Cours d’agriculture (Rozier)/ANIS ÉTOILÉ

Hôtel Serpente (Tome premierp. 562-564).


Anis étoilé, ou Badiane. (Voyez Pl. 17, pag. 548) Il n’étoit connu en Europe que par son fruit, qu’on appeloit badiane des Indes, anis de Sibérie, anis de Chine, anis des Indes. M. Tournefort n’a jamais vu cette plante. M. le chevalier Von Linné n’en a parlé que d’après Kempfer, & l’a placée dans la dodécandrie dodécagynie ; il l’appelle illicium anisatum, qui est bien différent de l’illicium floridanum que nous allons décrire.

A, disposition des parties sexuelles ; B, ces mêmes parties vues de profil ; C, les nectaires en forme de tubes, convexes d’un côté, & sillonnés de l’autre D ; le filet des étamines, E ; le calice, F ; forme des pétales, G ; forme du fruit, H ; forme des graines, I.

Le calice est composé de cinq petites feuilles membraneuses, colorées, concaves, oblongues, & pointues à leur extrémité. Leur nombre n’est pas toujours constant. Les pétales ou feuilles de la fleur, au nombre de vingt-un à vingt-sept, sont de grandeur différente, suivant le cercle qu’ils occupent ; les extérieurs plus longs que ceux du second rang, & ceux-ci plus courts que ceux du troisième, qu’on avoit pris pour des nectaires, & qui sont représentés ainsi d’après les gravures de madame Regnault de Nangis. Les étamines au nombre de trente environ ; les filets en sont plats & courts, & les anthères sont surmontés de chaque côté d’une espèce de petite poche qui renferme la poussière fécondante. Les pistils, au moins au nombre de vingt, sont placés circulairement au dessus du réceptacle de la fleur ; leurs stiles pointus, recourbés en dehors à leur extrémité supérieure ; leurs stigmates sont recouverts d’un duvet.

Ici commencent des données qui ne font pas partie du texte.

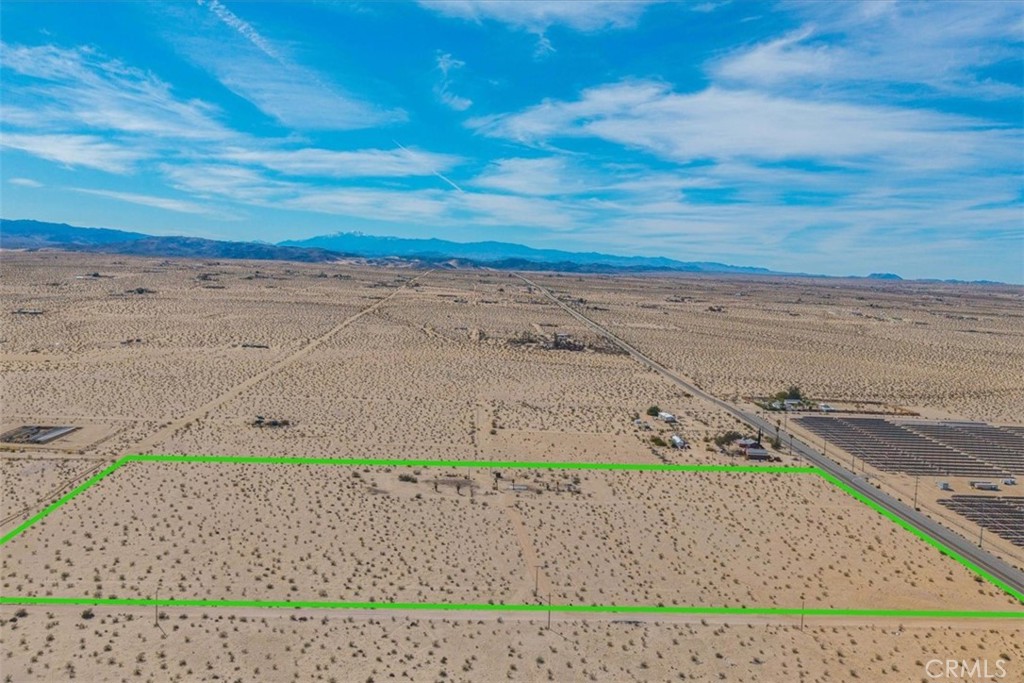 MLS #JT25029805 image #8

Le fruit consiste en douze ou treize capsules. Leur substance est dure, & ressemble à du cuir desséché. Chaque capsule est composée de deux valvules qui renferment chacune une semence douce, luisante, & de figure ovale. Ces capsules sont disposées horizontalement & circulairement, comme les rayons d’une étoile.

Le premier échantillon desséché de cette plante, fut apporté à la reine Élisabeth ; & ce ne fut qu’en 1765, qu’un nègre la découvrit dans un terrain marécageux, près de Pensacola. M. Bartram, botaniste anglois, fit la même découverte sur les bords de la rivière de S. Jean, dans la Floride occidentale ; ce qui nous donne quelqu’espérance de la voir un jour cultivée en France, soit comme arbre d’agrément, soit à cause de son produit pour le commerce. L’arbre qui porte ce fruit est toujours verd, s’élève à la hauteur de vingt pieds, & fournit le plus agréable aromat connu.

Propriétés. Les chinois mâchent souvent les capsules des graines avant le repas pour se fortifier l’estomac & se parfumer la bouche ; & à leur exemple, les hollandois les mettent infuser avec leur thé, & le regardent alors comme un diurétique puissant.

Les japonois & les chinois regardent l’anis étoilé comme une plante sacrée ; ils l’offrent à leurs pagodes, en brûlent l’écorce comme un parfum sur leurs autels, & en placent des branches sur les tombeaux de leurs amis. Les indiens font infuser le fruit dans l’eau, la fermentation s’établit, & il en résulte une liqueur vineuse.

En Chine, les gardes publics pulvérisent l’écorce, la conservent dans de petites boîtes alongées en manière de tuyau. On met le feu à cette poudre par une des extrémités du tuyau ; mais comme elle se consume d’une manière uniforme & très-lentement, quand le feu est parvenu à une distance marquée, les gardes sonnent une cloche ; & par le moyen de cette espèce d’horloge pyrique, ils annoncent l’heure au public.